I’m not suggesting we should only listen when we pray or that we shouldn’t use words or recite timeworn prayers. In every relationship, there’s room for small talk and trivial conversations, for deep-and-meaningfuls and mundane-and-functionals, for talk and for silence.
Listening to God means being willing to allow God to prod me out of my comfort zone. This can be hard for me. I like to be in control. Listening to God means being open to God’s plan, not merely trying to slot God into my plans.
Yesterday I did the big grocery shop for the fortnight. It was hard work. While I squinted at cans of pineapple pieces, trying to work out if they were product-of-Australia, and if said pieces were suspended in syrup or in natural juice, my twin toddlers were trying to work out how many items they could fling from the trolley before Mummy noticed (seven and a half).

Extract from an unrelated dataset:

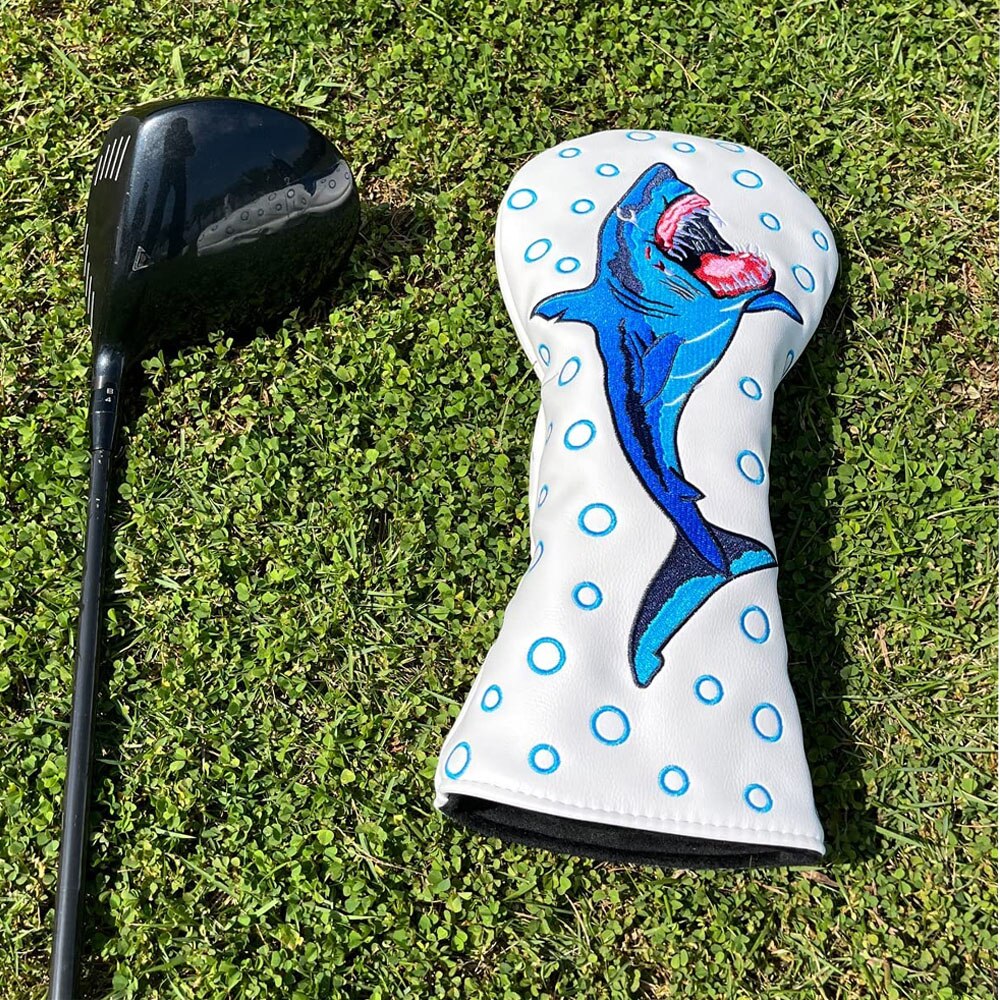 Big Shark Golf Driver Head Covers,1 Wood Driver Head Cover,Golf Wood Headcovers-Leather Durable Easy on Off Golf Club Protective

After loading can after bag after box of pasta sauce, nappy wipes and dishwasher tablets onto the conveyor belt, after flapping out the canvas bags at the packing bench and accidentally squashing a bag of bread under a bag of soup tins, after trundling along with a full trolley and a moving menagerie of children, I hefted my bone-weary body onto the travellator, bound for the car park.
As the escalator gripped the magnets of my trolley, relieving me of its unwieldy burden, so too did I allow myself to feel held by God. I closed my eyes and took three deep breaths. I stood amid the shriek and chatter of my children, the blare of Val Morgan advertising, and the beep-beep-beep of a nearby forklift. I stood in that moment, and I found silence.
I still talk an awful lot. That’s something about me I don’t think will ever change. But I’m trying to get better at listening. In a group discussion, I wait for three other people, and at least one introvert, to say something before I jump in and take over. I try to spend this time actually listening, not just formulating my next brilliant rejoinder, and it’s amazing what I can learn. I’m trying to listen more in prayer, too. I don’t bark instructions at God (at least, not on a good day), neither do I screw up my face trying to summon a divine message. I like to sit in the quiet of the morning or bustle in the chaos of the afternoon and think about St Teresa of Avila’s words: “Prayer is nothing more than spending a long time alone with the one I know loves me.”